Computer systems rely on video compression and decompression for video storage/playback and video teleconferencing applications. The objective typically is to reduce the number of transmitted or stored bits needed to represent the original signal while minimizing the loss in resolution when decompressed. By balancing these competing factors, video teleconferencing and other real-time video transfer, for example, can be accomplished within the bandwidth restrictions imposed by local area networks, wide area networks, internetworks, and circuit-switched telephone networks, such as integrated services data network (ISDN) lines or standard telephone lines (POTS).
In order to optimize the bit rate/resolution trade-off, many compression/decompression algorithms are computationally intensive, especially when considering their real-time operation. The three most common compression standards are: MPEG standard developed by the Moving Pictures Experts Group, JPEG standard developed by the Joint Pictures Experts Group, and the H.26x video teleconferencing standard. Each uses a variety of encoding techniques simultaneously on the frames of video data. Specifically, the MPEG and the H.26x standards implement a combination of spatial, temporal, and entropy encoding, while the JPEG standard uses only spatial and entropy encoding.
Generally, there have been three hardware approaches to handling the computational tasks required by video compression/decompression in the context of modern computer, and specifically personal computer/workstation, systems. For example, the central processing unit (CPU) of the computer can perform all of the operations necessary to execute the compression/decompression algorithms. In contrast, at the other end of the spectrum, dedicated compression/decompression hardware can be placed in the computer that is optimized for the task. Finally, a compression co-processor, typically located in a card in the computer system, can be installed, which shares the task of compression/decompression with the central processing unit. One example of hardware designed for the last approach is the DECchip 21230 designed by Digital Equipment Corporation.
There are technical and/or practical problems associated with each of the typical approaches. The CPU is generally not well optimized for handling pixel-granularity video data. Many times the data units are eight bits or less, whereas the CPU is generally designed for 32 or 64 bit wide data paths. Single instruction multiple data architectures (SIMD) are typically better adapted to handle these kinds of operations where a common series of operations are performed on many pixels of data. Dedicated compression hardware utilizes these SIMD architectures and consequently works well, but is typically too expensive for the consumer/small business environments.
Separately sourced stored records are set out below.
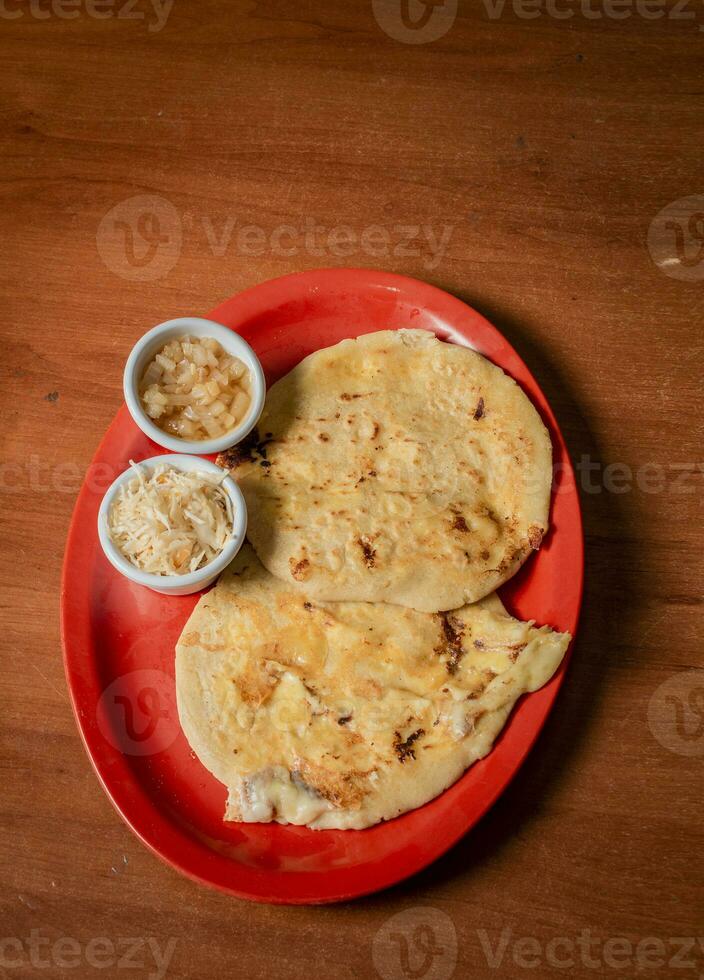 de cerca de nicaragüense pupusas servido en de madera mesa. delicioso tradicional salvadoreño pupusas con Derretido queso en de madera mesa. tradicional pupusas servido en un de madera mesa foto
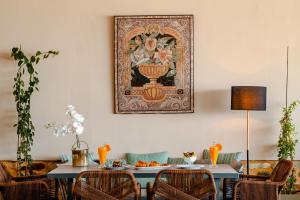 a dining room with a table and a painting on the wall at Kenta Beach Hotel in Agios Ioannis Pelio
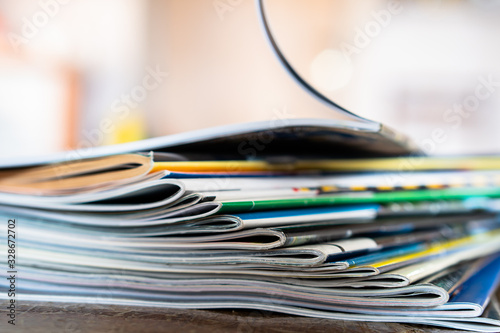 Closeup background of a pile of old magazines with bending pages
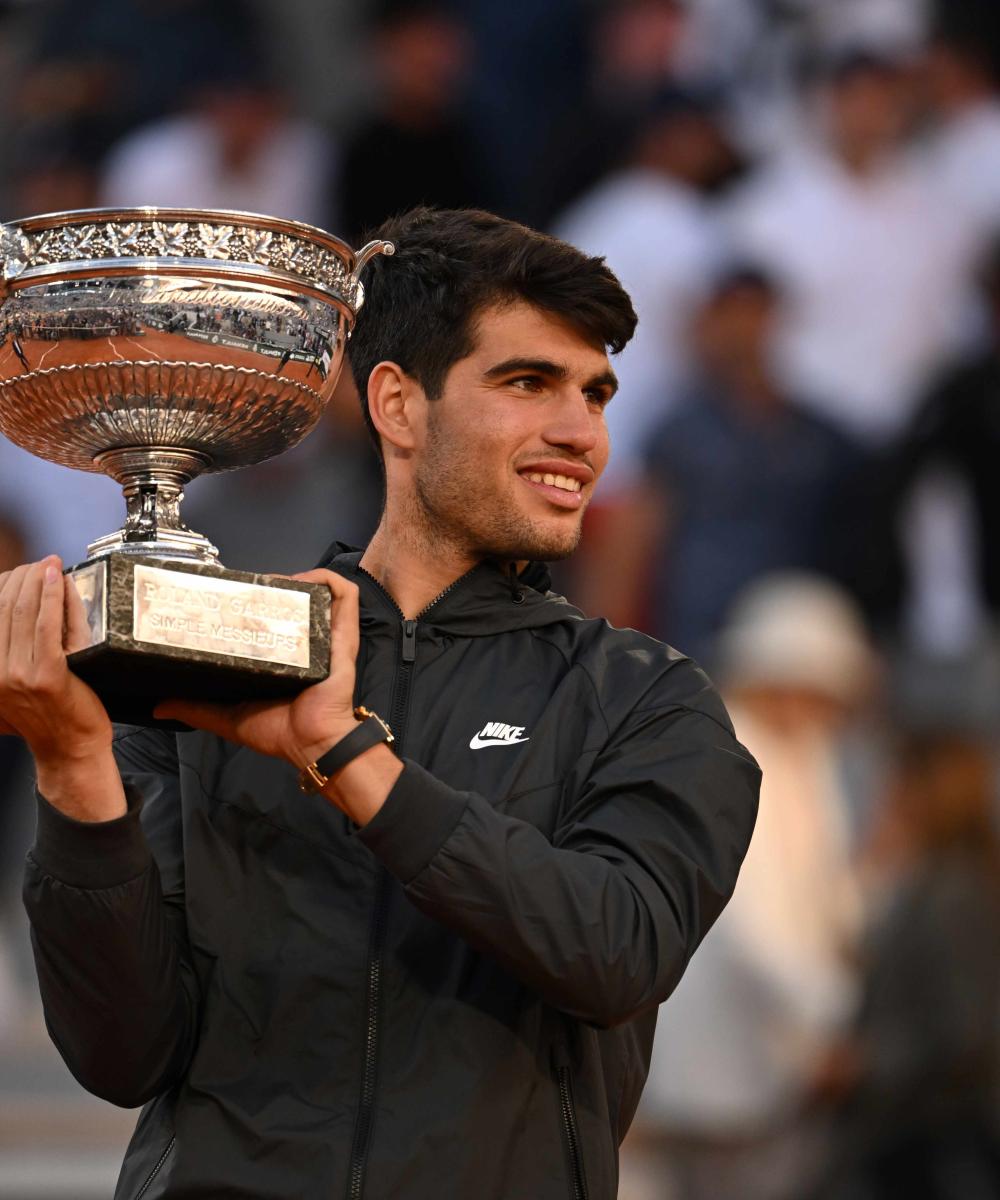 Carlos Alcaraz celebrating his victory at Roland Garros 2025, holding the trophy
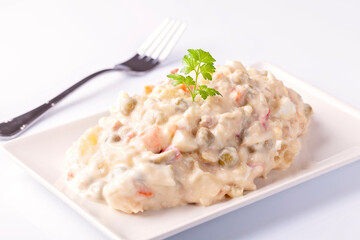 Ensaladilla rusa, potato salad with mayonnaise on white background 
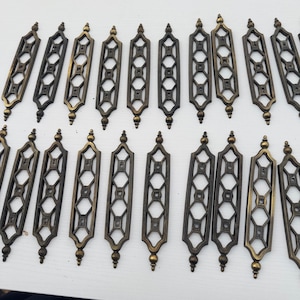 May include: A collection of vintage bronze-toned decorative hardware pieces. Each piece is a long, rectangular shape with an openwork geometric design and a decorative finial at the top and bottom. The hardware is arranged on a white surface.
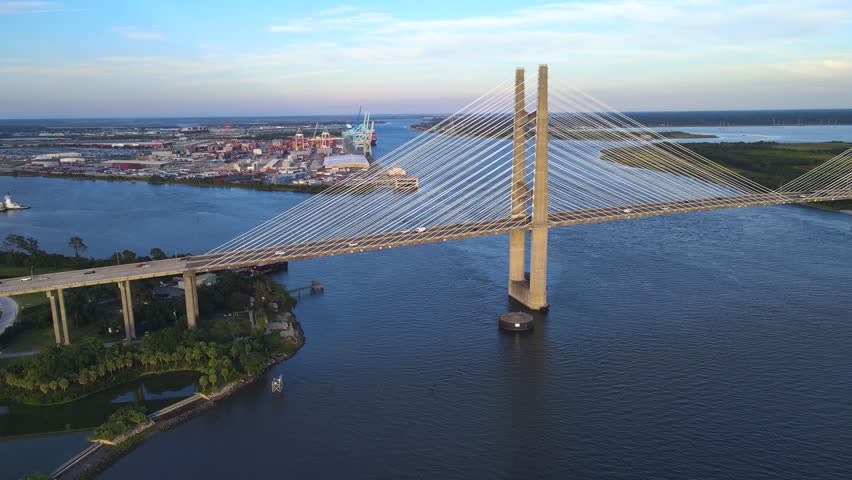 Golden light illuminates the Dames Point Bridge. Sunset reflections enhance the Florida skyline.
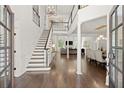 Bright foyer with hardwood floors, staircase, and views to a dining room and living room beyond at 5120 Falcon Chase Ln, Atlanta, GA 30342
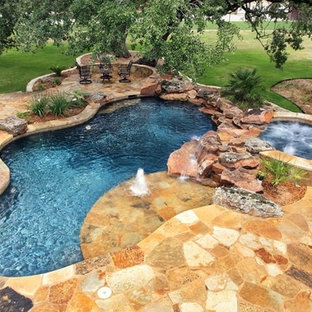 Inspiration for a mid-sized rustic backyard stone and custom-shaped natural pool fountain remodel in Austin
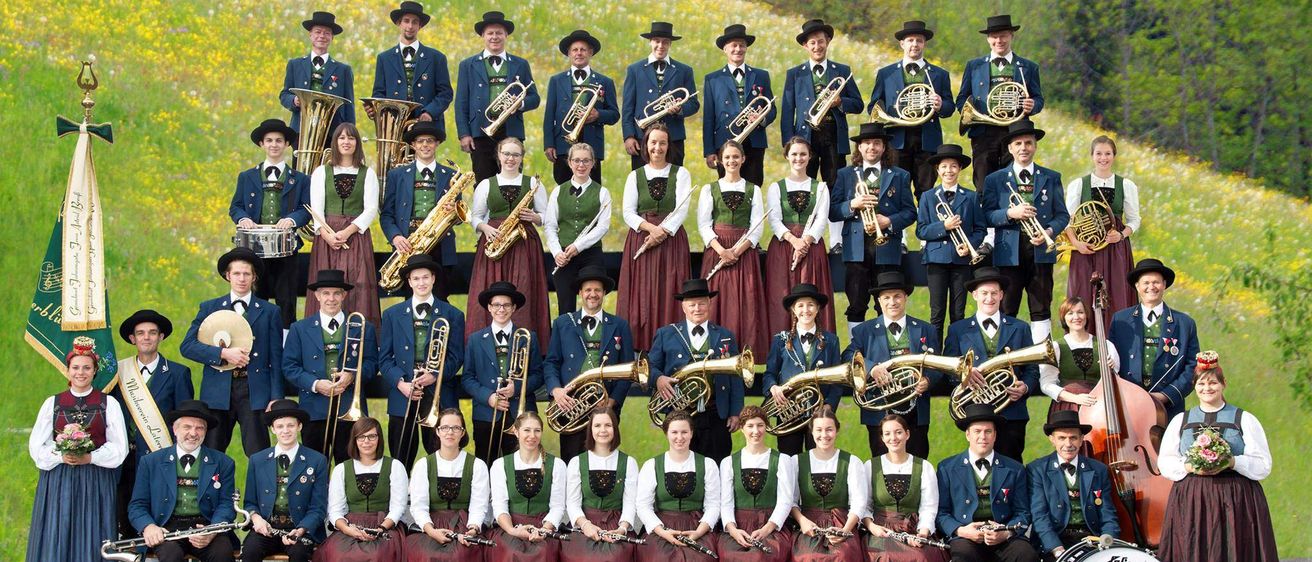 Eine große Gruppe von Musikern in traditioneller Kleidung posiert für ein Foto auf einer Wiese und hält verschiedene Instrumente wie Trompeten, Posaunen und Flöten. Sie sind von üppiger Grünfläche umgeben.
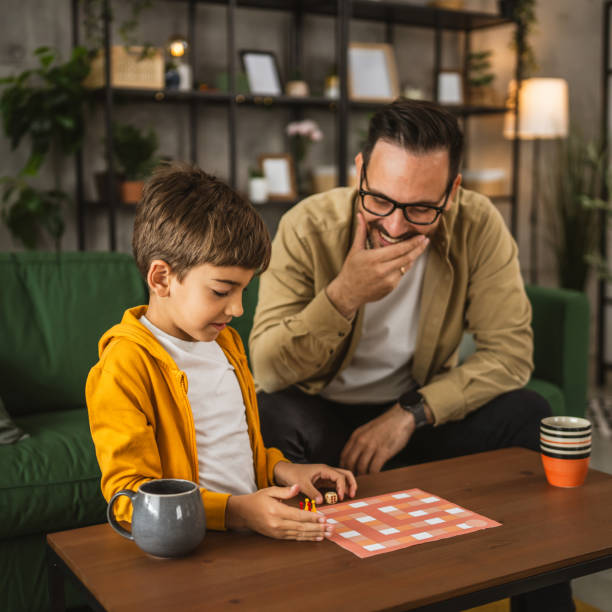 istock Father and son play board game together at home 2150746825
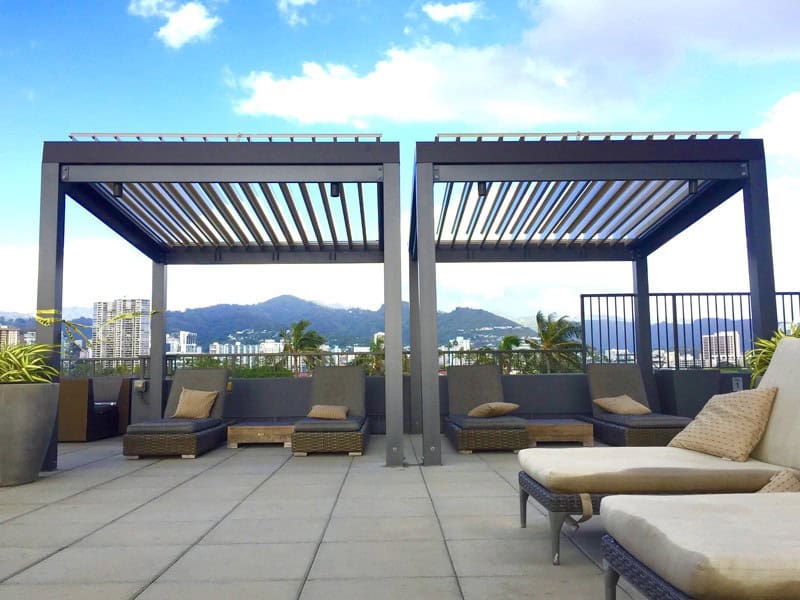 Modern rooftop lounge area with two pergolas, wicker lounge chairs, and potted plants&mdash;perfect for relaxing and enjoying city buildings and mountains. Inspired by stylish sunrooms Long Island, all under a partly cloudy NY sky.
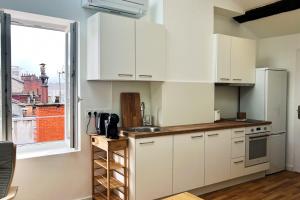 格勒诺布尔The top perch #ET的厨房配有白色橱柜和窗户。
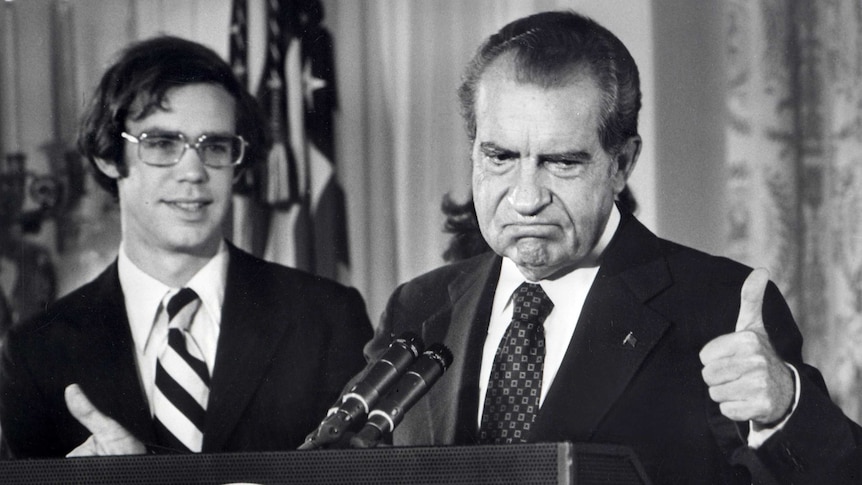 File photo dated 9 August 1974 of the 37th President of the United States, Richard Nixon, as he bids farewell to the White House staff.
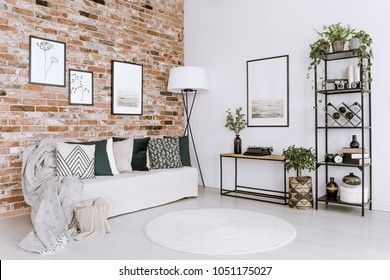 Posters On Red Brick Wall Above White Sofa With Pillows In Bright Living Room Interior With Plants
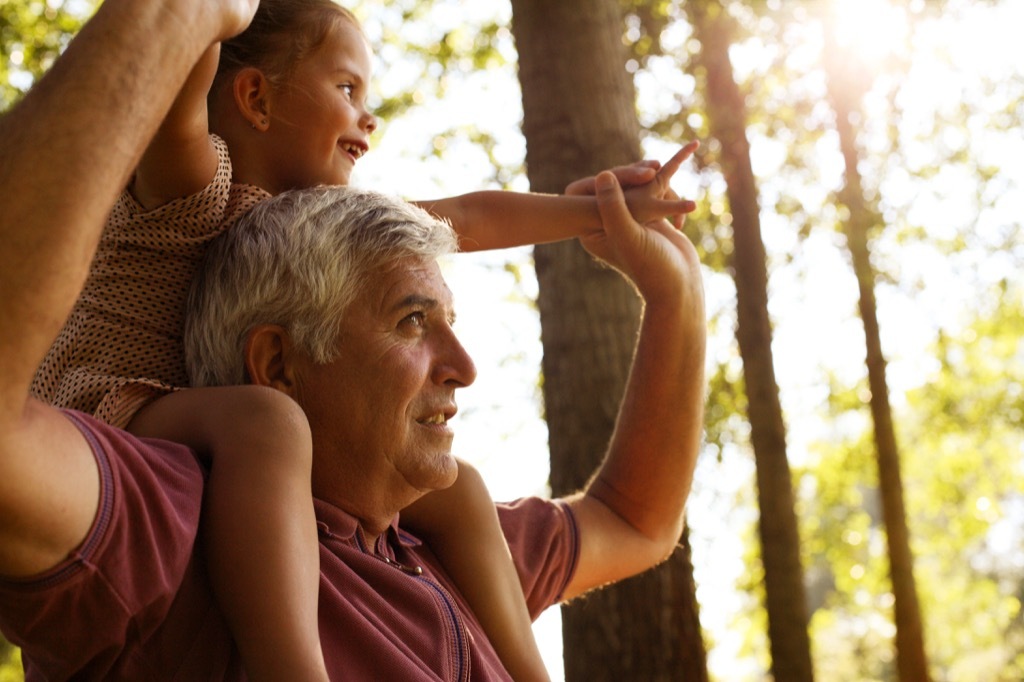 grandparent and grandchild in the woods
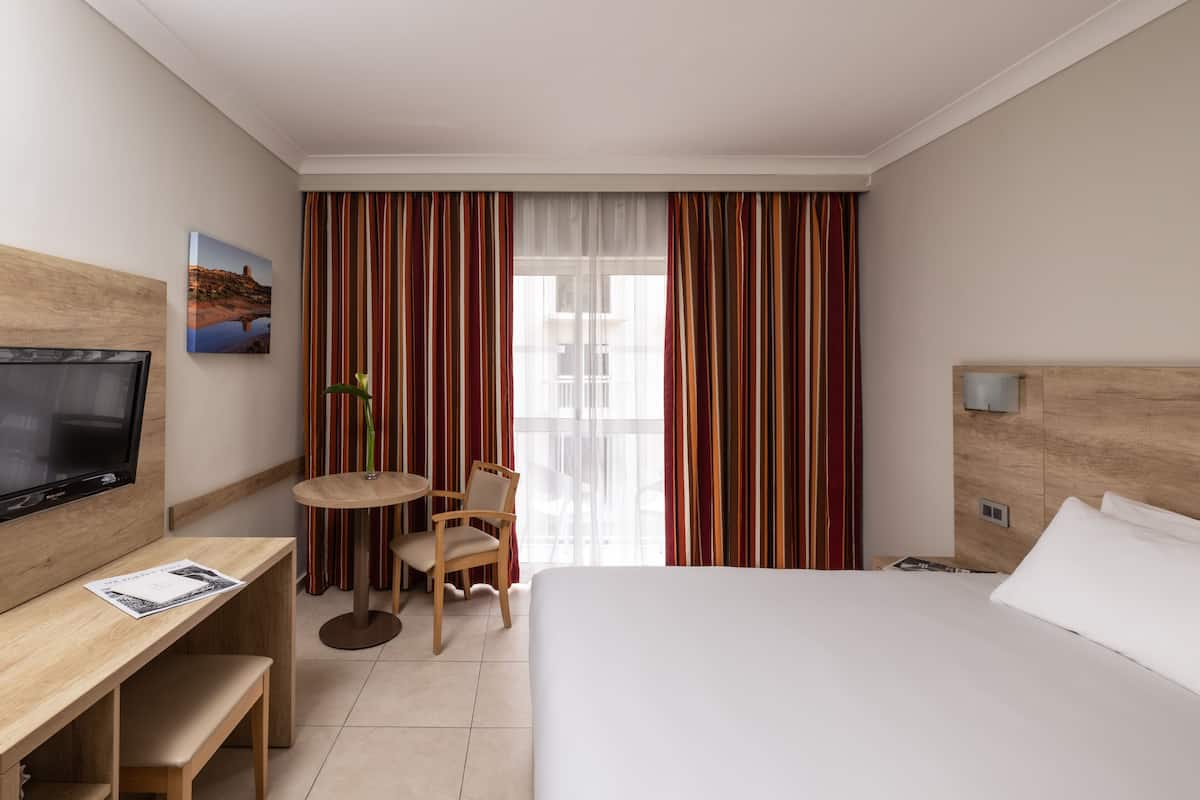 A hotel room with a bed, a desk with a chair, a television, and a window with curtains.
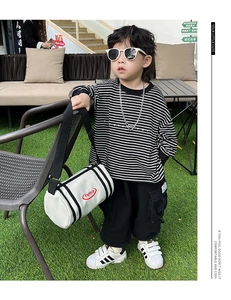 Detail of white canvas bucket bag with red logo on child casual striped outfit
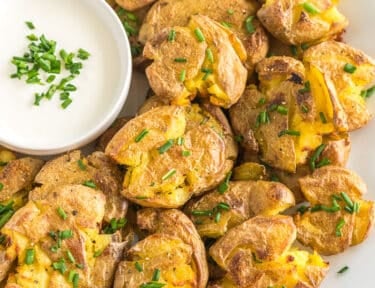 Smashed potatoes on a plate topped with chives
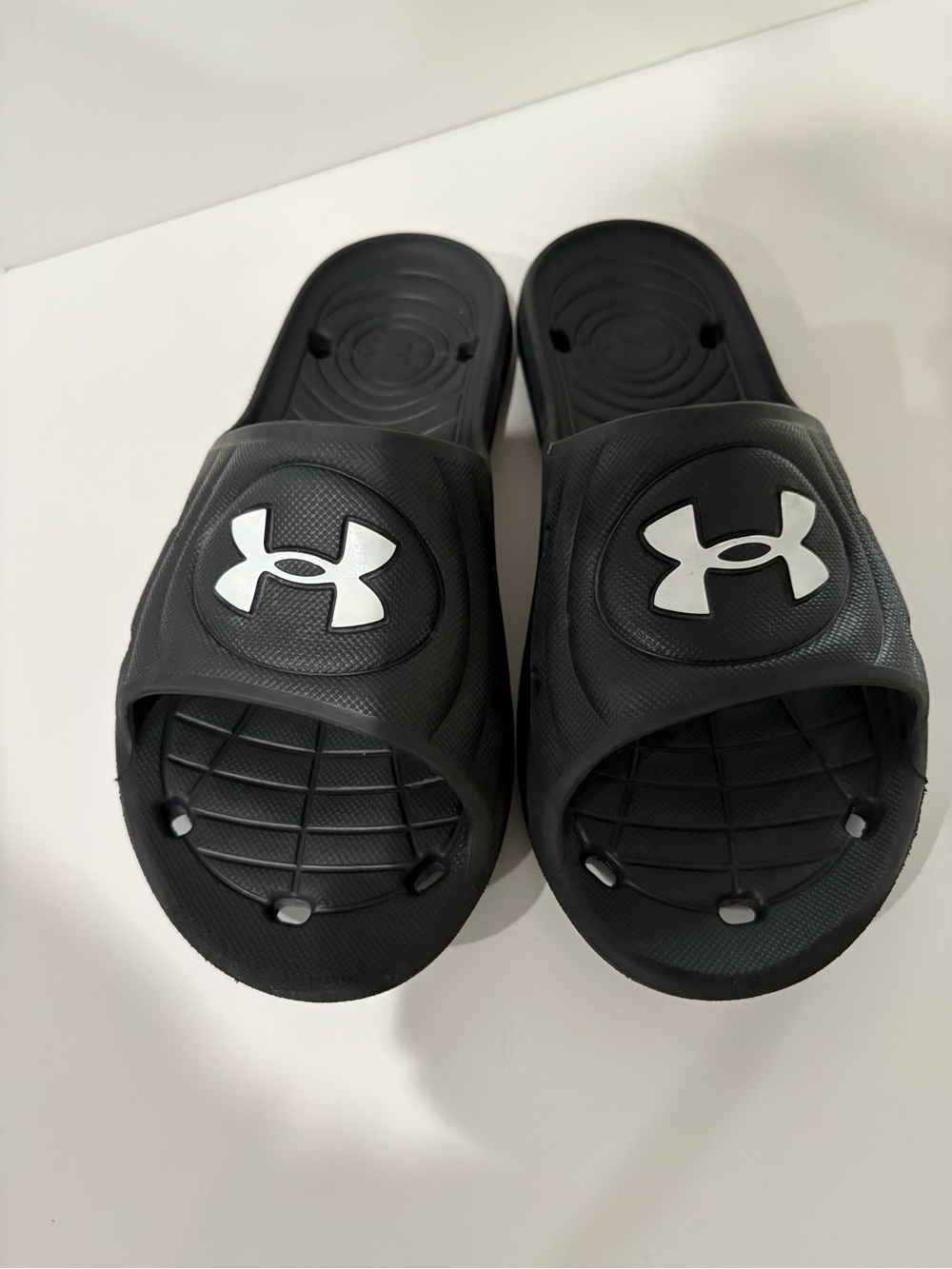 Under Armour Black Slides with White Logo Accents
Many times the compression hardware alone will exceed the cost of the average desktop machine. Finally, the compression co-processor approach provides a better price/performance trade-off but is still an expensive hardware upgrade in an increasingly commoditized computer market.
A parallel trend in the computer industry is the combination of video capture and video control capabilities on a single card. As a result, these cards typically have a video output port to control the monitor and video-inputs for receiving RGB, NTSC, and/or PAL encoded video signals.